Man darf sich durchaus fragen, wie der Verleger einer Tageszeitung auf die Idee kommt, seine privaten und persönlichen Interessen, nämlich die der Jagd und der Verpachtung des Jagdreviers Gutenacker, durch einen Angestellten “Journalisten” in seiner Zeitung zu veröffentlichen?!

Die Rhein-Lahn-Zeitung bzw. die Rheinzeitung insgesamt steht doch angeblich für unabhängigen Journalismus und neutrale Berichterstattung?! Das scheint spätestens seit heute unwiderruflich widerlegt? Was denkt wohl ein junger Mensch, der überlegt sich in einem Gemeinderat zu engagieren oder sich auf das Amt eines Bürgermeisters zu bewerben, wenn er einen solchen Artikel in einer Tageszeitung liest?

Dass es Herrn Walterpeter Twer nicht gefällt, dass der Gemeinderat in Gutenacker entschieden hat, dass die Verpachtung des Jagdreviers öffentlich ausgeschrieben wird, darf kein Grund dafür dein, dass er seine eigene Zeitung dazu missbraucht, um seinem Unmut darüber, durch einen angestellten Journalisten Luft machen zu lassen bzw. seine persönlichen und privaten Interessen durchzusetzen. Das geht schlichtweg zu weit!

Die vielen Reaktionen auf diesen Artikel hin, die Udo Meister an diesem Samstag bisher erreicht haben sprechen eine deutliche Sprache und bringen zum Ausdruck, wie wenig die Leserschaft der Rhein-Lahn-Zeitung mit diesem persönlichen Angriff einverstanden ist.
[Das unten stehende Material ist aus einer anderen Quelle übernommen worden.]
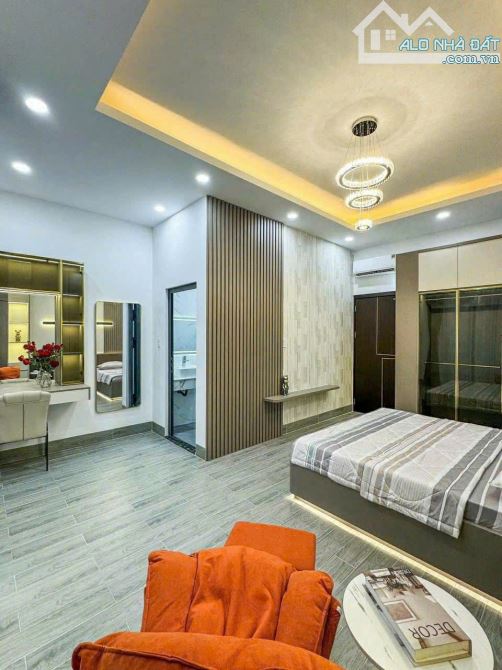 CẢ 3 THẾ HỆ ẤM NO nếu BẠN MUA NGAY NHÀ MẶT TIỀN gần SÔNG HÀN này: 72m² 5 TẦNG 12 PHÒNG - 3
Wie Udo Meister im kurzen Interview schon gesagt hat, wird der Gemeinderat von Gutenacker sich zu den durch die Rhein-Lahn-Zeitung gemachten Vorwürfen zu gegebener Zeit äußern.

Vorab hier die Feststellung eines Mitglieds des Gemeinderates von Gutenacker. “Der Gemeinderat ist irritiert über die (unwahren) Darstellungen in dem Artikel, zumal man Herrn Twer nach persönlichen Gesprächen auch schriftlich mitgeteilt hatte, dass man seinem Angebot zur Verlängerung der Jagdpacht sehr positiv entgegenschaue, gerade wegen der langjährigen Beziehung.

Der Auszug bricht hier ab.